After a hop, skip, and jump around the USA via the friendly skies tomorrow, I'll be back home from our national team track camp in Colorado Springs. Good time being on the track again with the ladies, of course. Great supplemental oxygen session at the Olympic Training Center, great conference calls on some really interesting topics (which reminded me how much I miss school and being immersed on a daily basis in ex phys!). Also a really empowering afternoon of Olympic Ambassador Training.
The Olympic Ambassador Training program was started for the Athens Olympics to help Olympic hopefuls ease into the technical aspects of becoming an Olympian with presentations given that include information like details of the Olympic Village, how contact with the media works (did you know there will be 20,000 official members of the media in London???), even how to correctly hold the American flag during post-event celebrations. I had a bit of a heads-up on some of the information having attended the 2007 Pan Am Games, a continental version of the Olympics held the year prior to the Games, but there was still good information to be had and it was definitely a good reminder of what it really means to be an Olympian.
Maybe my most poignant reminder of what it means to be an Olympian revolved around the idea of being a role model and demonstration key aspects of character. One question posed to us was if we remembered when it was that it "clicked" that what we wanted as a goal in our lives was to become an Olympian.

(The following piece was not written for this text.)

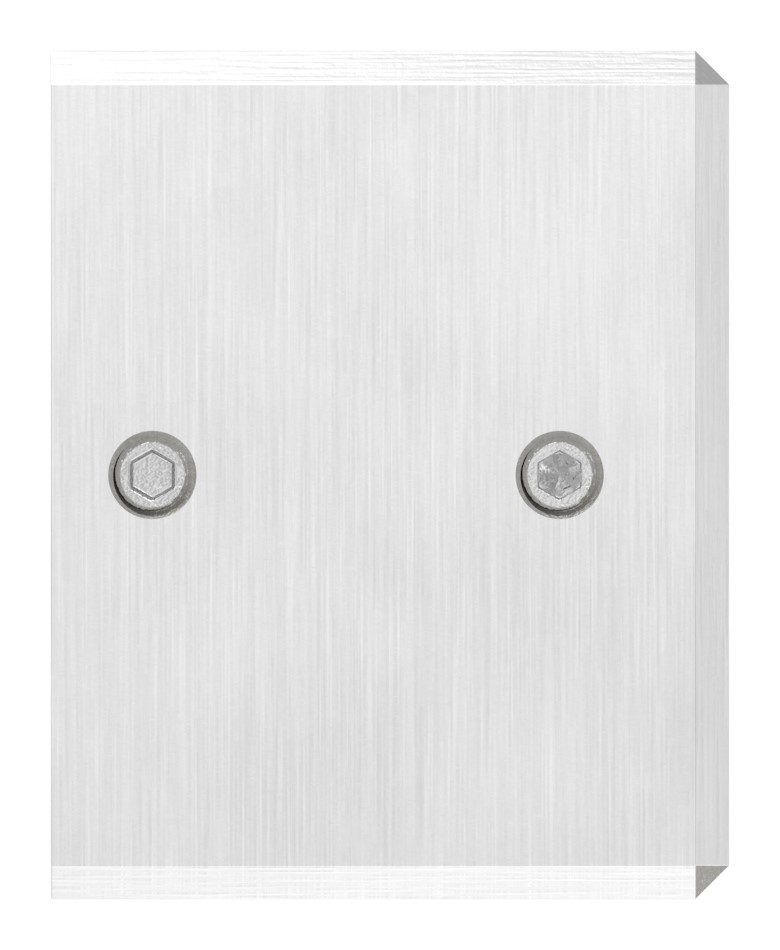 Wandbefestigung für Nutrohr 60x40mm, links, V4A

For me, the answer was simple - the 1996 Olympics in Atlanta. When Kerri Strug landed that final routine - that was it. Overcoming the odds, accomplishing a feat that wasn't supposed to happen. Doing it for herself, her teammates, her coaches, family, friends, country, everybody along the way - amazing. What a magical year that was. So many role models for me. The US women's soccer team with that drop-to-your knees and proclaim excellence kind of win - heart. Carl Lewis and Jackie Joyner Kersee coming back for one more round - dedication (Carl Lewis' sister, Carol Lewis, an accomplished Olympian herself, was actually one of our presenters). Michael Johnson and those golden shoes - confidence. Even Muhammad Ali lighting the torch - perseverance. The chant of U-S-A - the reminder that the Olympics is the one time we can forget our differences and cheer as one. Yes, 1996 was my "click."